Yelp / MOE

A global, black box optimization engine for real world metric optimization.
Other
1.3k stars 139 forks source link

UCB1 and UCB1-tuned algorithm have sample_arm.total and number_sampled parameters reversed #432

Closed serchaos closed 9 years ago

serchaos commented 9 years ago

In the UCB1 and UCB1-tuned algorithm implementations, the calculation of the upper confidence bound should include the term ( sqrt( 2.0 * ( ln (bandit_trials ) / arm_trials ) ).

The implementation here flips (bandit_trials) and (arm_trials) in the calculation of this term. The risk here is that arms without trials (or arms with very few pulls) aren't reevaluated as often, and the bandit has a higher risk of selecting a non-optimal arm early on.

https://github.com/Yelp/MOE/blob/master/moe/bandit/ucb/ucb1.py#L64-L65 https://github.com/Yelp/MOE/blob/master/moe/bandit/ucb/ucb1_tuned.py#L78-L79 (sorry, not sure how to insert a gist into this issue)

Reference: http://homes.di.unimi.it/~cesabian/Pubblicazioni/ml-02.pdf, pages 3 & 11.
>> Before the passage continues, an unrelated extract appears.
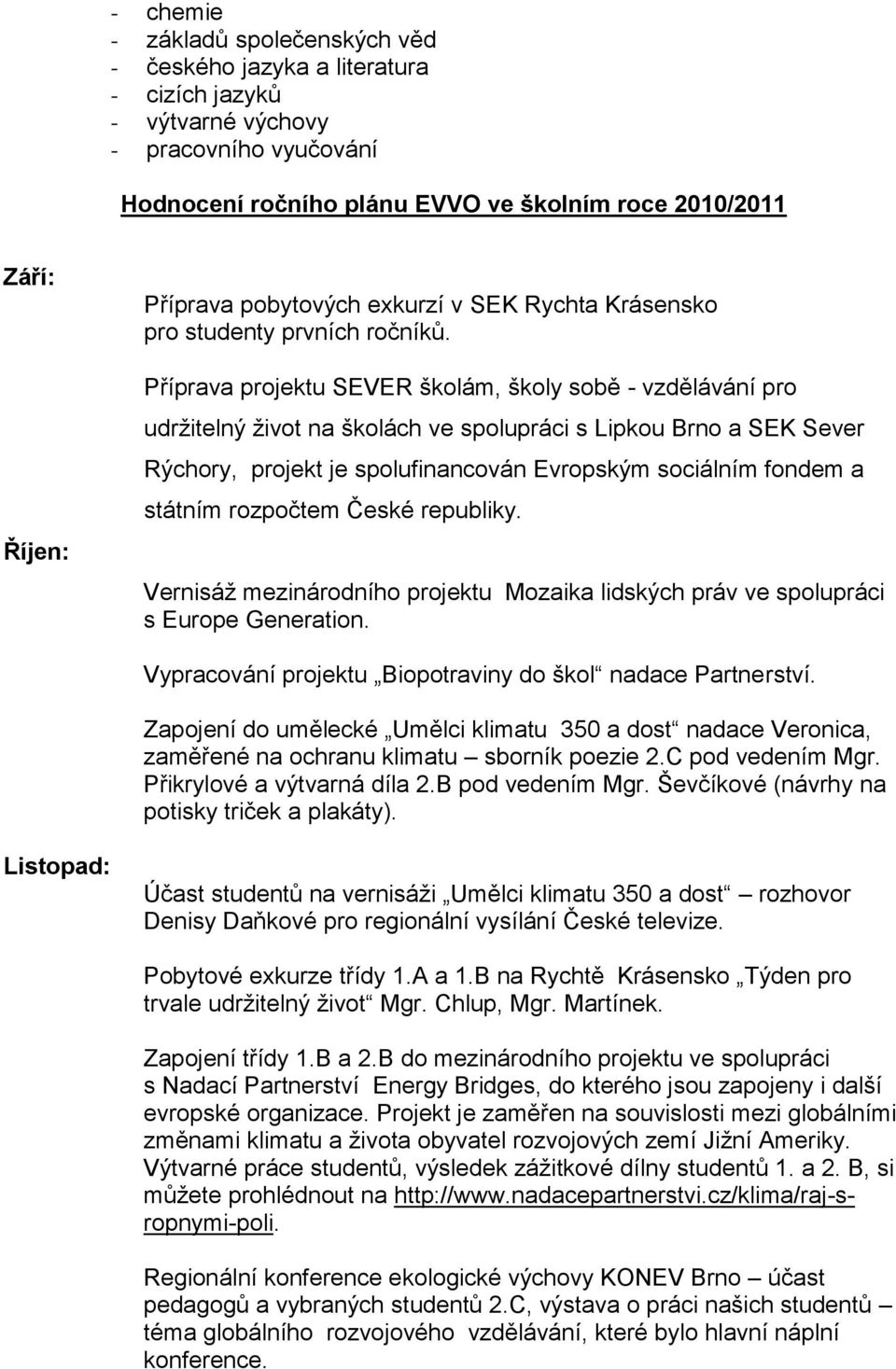 Příprava projektu SEVER školám, školy sobě - vzdělávání pro udrţitelný ţivot na školách ve spolupráci s Lipkou Brno a SEK Sever Rýchory, projekt je spolufinancován Evropským sociálním fondem a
The algorithm is also stated correctly in the docstrings under the method, just implemented wrong. Is there a specific reason for this?

I have a pull request + test ready to go if this is a genuine issue.

sc932 commented 9 years ago

I think this is a bug, good catch. I'd be happy to pull in your tested branch, thanks!